(Task instructions):
All of the data below should be printed again exactly, pictures excluded.

(Collected data):
════════════════════

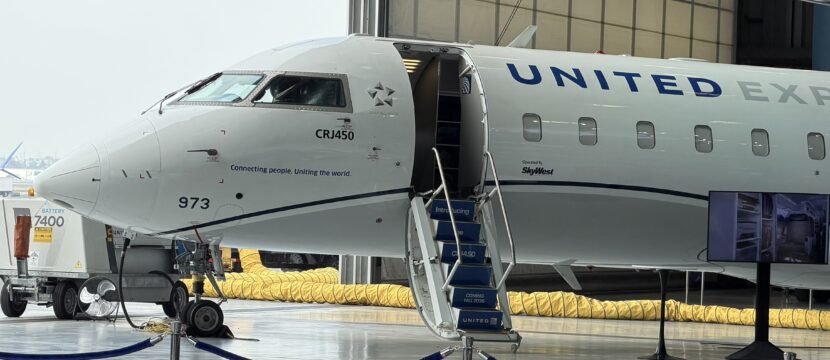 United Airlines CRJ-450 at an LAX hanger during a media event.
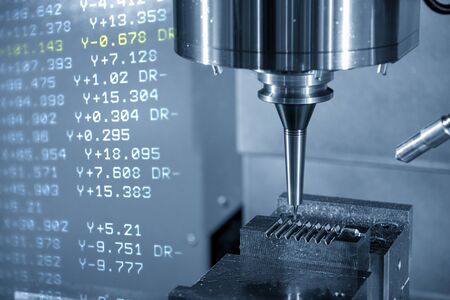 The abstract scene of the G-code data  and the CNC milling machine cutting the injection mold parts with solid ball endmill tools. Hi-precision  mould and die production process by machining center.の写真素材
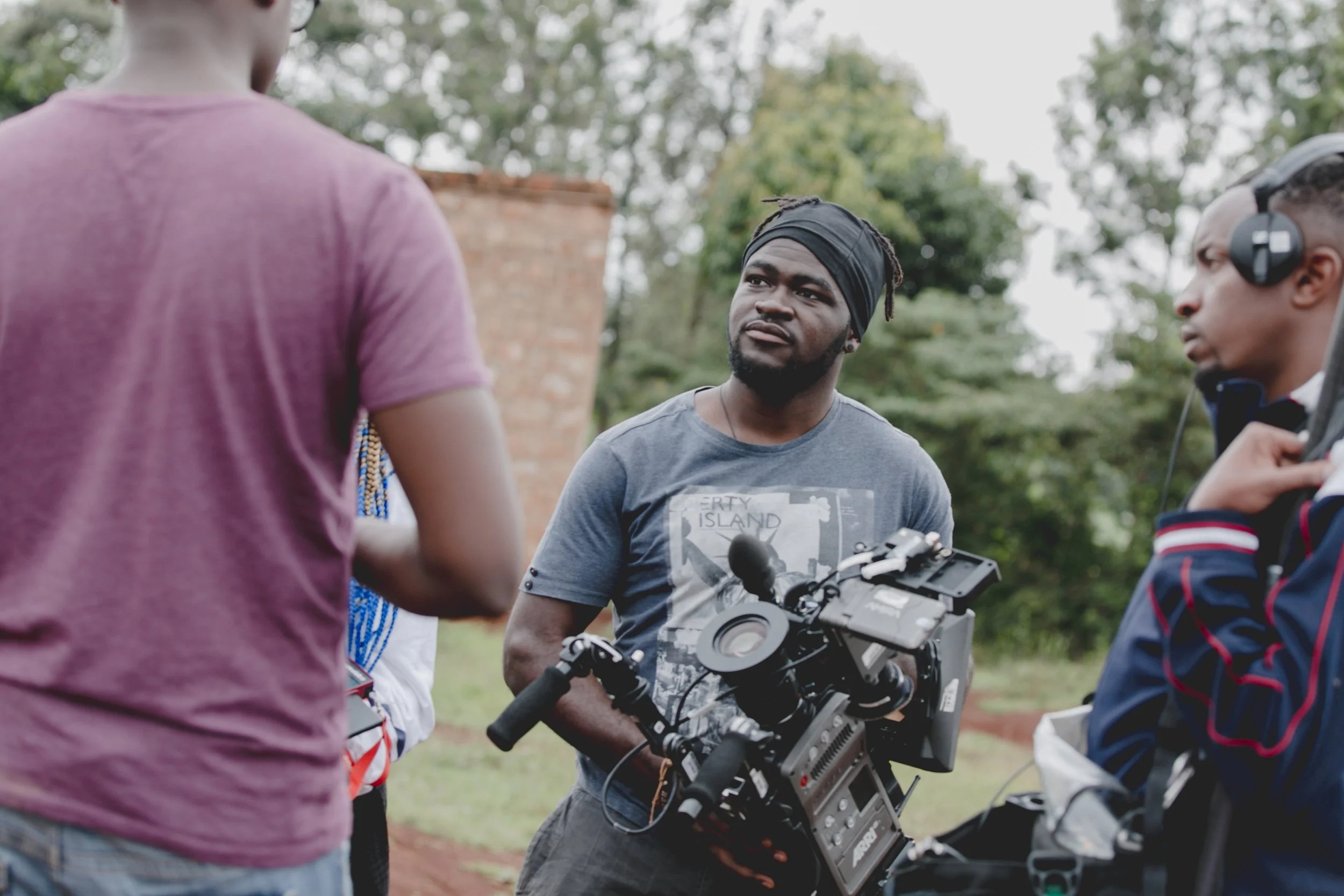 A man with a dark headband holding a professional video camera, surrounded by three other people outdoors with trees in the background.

════════════════════

(Result of the task):
 United Airlines CRJ-450 at an LAX hanger during a media event.
 The abstract scene of the G-code data  and the CNC milling machine cutting the injection mold parts with solid ball endmill tools. Hi-precision  mould and die production process by machining center.の写真素材
 A man with a dark headband holding a professional video camera, surrounded by three other people outdoors with trees in the background.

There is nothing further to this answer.